Pemikiran seperti ini ada sedikit benarnya.
Karena desa lahir sebelum Negara ada, dan masyarakat desa mampu untuk
mempertahankan kehidupan sampai pada saat ini. Mereka mengolah sendiri
sumber-sumber alam dan SDM-nya untuk pemenuhan kebutuhan hidupnya tanpa
menunggu uluran tangan Negara. Semenjak kemerdekaan yang hamper seabad
dinikmati oleh rakyat Indonesia
sudah begitu banyak produk hukum dari pemerintah pusat maupun pemerintah daerah
untuk mengatur tentang desa. Seperti dari UU No. 5 Tahun 1974 sampai pada UU
No. 32 Tahun 2004 berkeinginan besar untuk memberikan otonomi kepada desa yang
adalah miliknya. Misalnya, UU No. 32 Tahun 2004, khususnya pasal 127 tentang
desa sudah membawa angina segar bagi desa singga otonomi asli yang sebanrnya
diserahkan secara penuh dan utuh kepada desa.

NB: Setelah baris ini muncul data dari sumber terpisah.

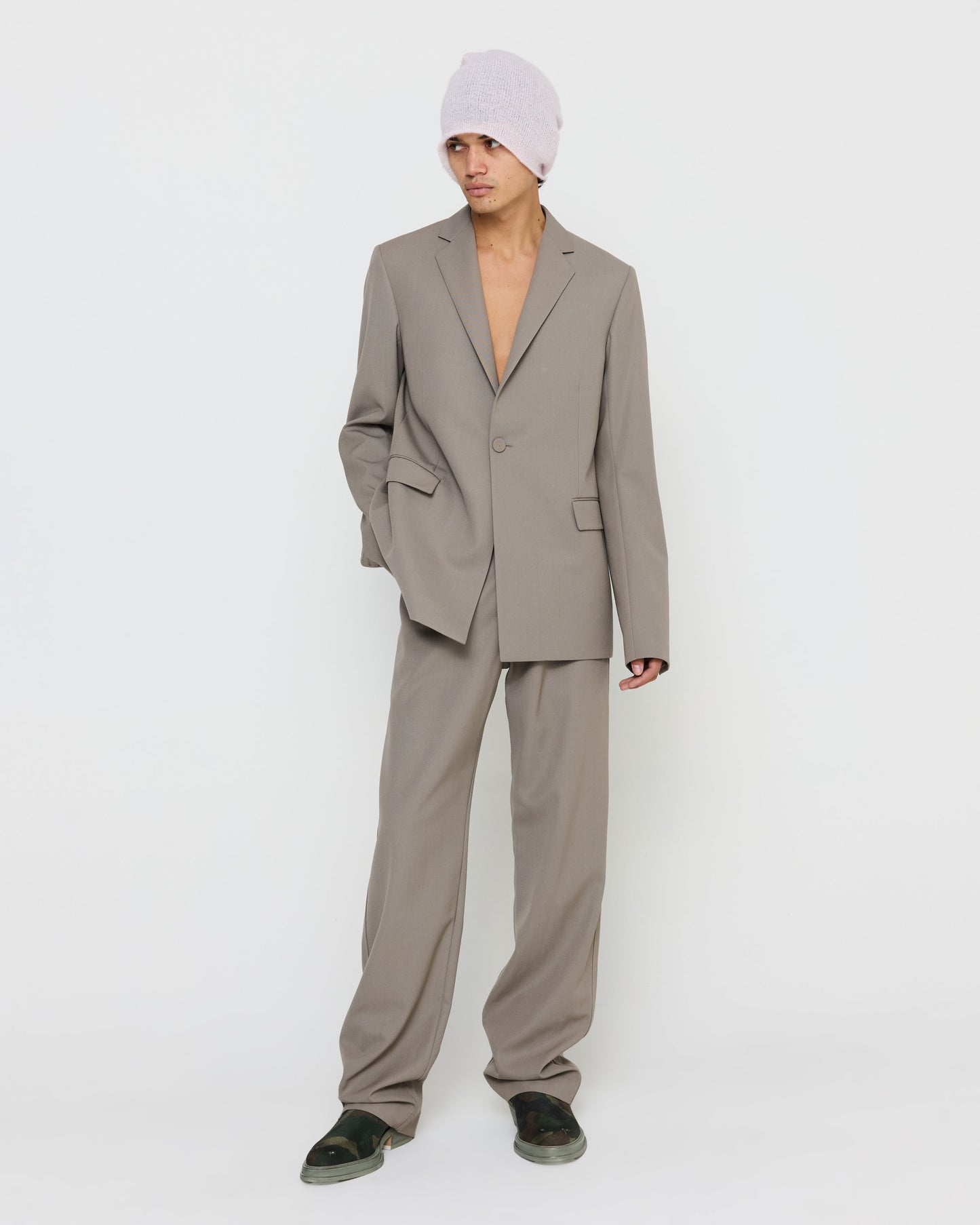 Garden Wool Tailored Short Jacket in Gray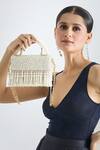 Buy_Tasna_White Pearls, Crystals And Embellished Clutch _at_Aza_Fashions
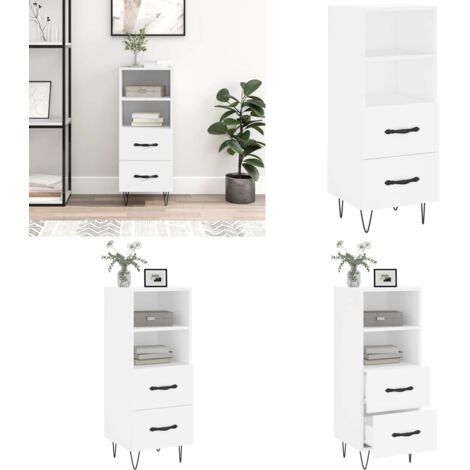Credenza Bianca 34,5x34x90 cm in Legno Multistrato - Credenza moderna - Credenza in metallo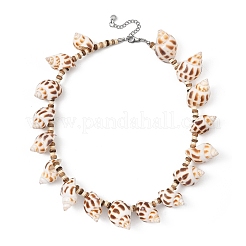 Ocean Natural Spiral Shell & Coconut Beaded Necklaces&nbsp;NJEW-JN06303
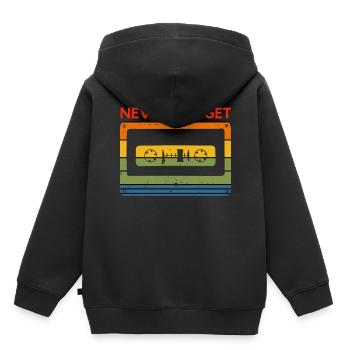Never forget Kassette Tape Vintage Retro 90er 80er - Kinder Premium Organic Hoodie - Schwarz - Hinten - AI Model Kid Male (0cm)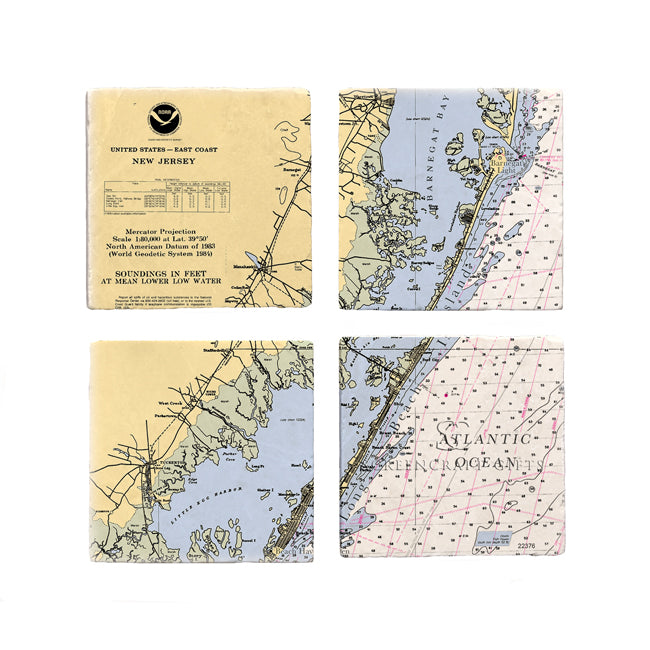 Long Beach Island, NJ- Marble Coaster Set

Otonomi desa adalah otonomi asli yang
selama ini dari rezim Orde Lama, Orde Baru dan reformasi belum nampak, tetapi
sekarang di era demokrasi langsung diserahkan kembali kepada pemiliknya yakni
desa. Konstitusi ini menghendaki pengaturan desa disesuaikan dengan keaslian
desa. Misalnya, kelembagaan adat yang selama ini ada difungsikan perannya dalam
pengaturan demi perkembangan hidup dan kemajuan serta kesejahteraan masyarakat
desa.
Desa sekarang mendapatkan perhatian yang
serius dari pemerintah pusat. Pemerintah pusat mempunyai mata dan hati yang
terbuka untuk bisa merubah serta memperbaiki nasib masyarakat desa yang selama
ini dirampas haknya oleh rezim-rezim sebelumnya. Tetapi, yang menjadi tantangan
adalah apakah pemerintah desa bisa menjalani otonomi asli itu secara baik demi
kemajuan dan kesejahteraan? Desa dalam penyelenggaraan pemerintahan lebih
melibatkan masyarakat mulai dari perancanaan, pengaturan, implementasi dan
pengawasan. Hal ini ditandai dengan adanya lembaga desa seperti Parlemen Desa
(BPD), Lembaga Pemberdayaan dan lembaga-lembaga adat. Pemerintah desa dituntut
agar bisa memberikan pelayanan kepada masyarakatnya sesuai dengan kebutuhan
yang diprioritaskan. Pelayanan yang benar adalah sesuai dengan kebutuhan dan
digunakan secara tepat sasar. Penjaring aspira rakyat dilakukan oleh
lembaga-lembaga desa (BPD, Lembaga Pemberdaya dan Lembaga Adat yang ada). Aspirasi
tersebut disampaikan kepada pemerintah desa untuk dibuat perencanaan dan
dibahas bersama dengan Lembaga Permusyawaratan Desa yang adalah wakil rakyat di
desa. Semua aspirasi yang diperioritaskan harus direalisasikan pertama dan
ditetapkan dalam peraturan desa (Perdes).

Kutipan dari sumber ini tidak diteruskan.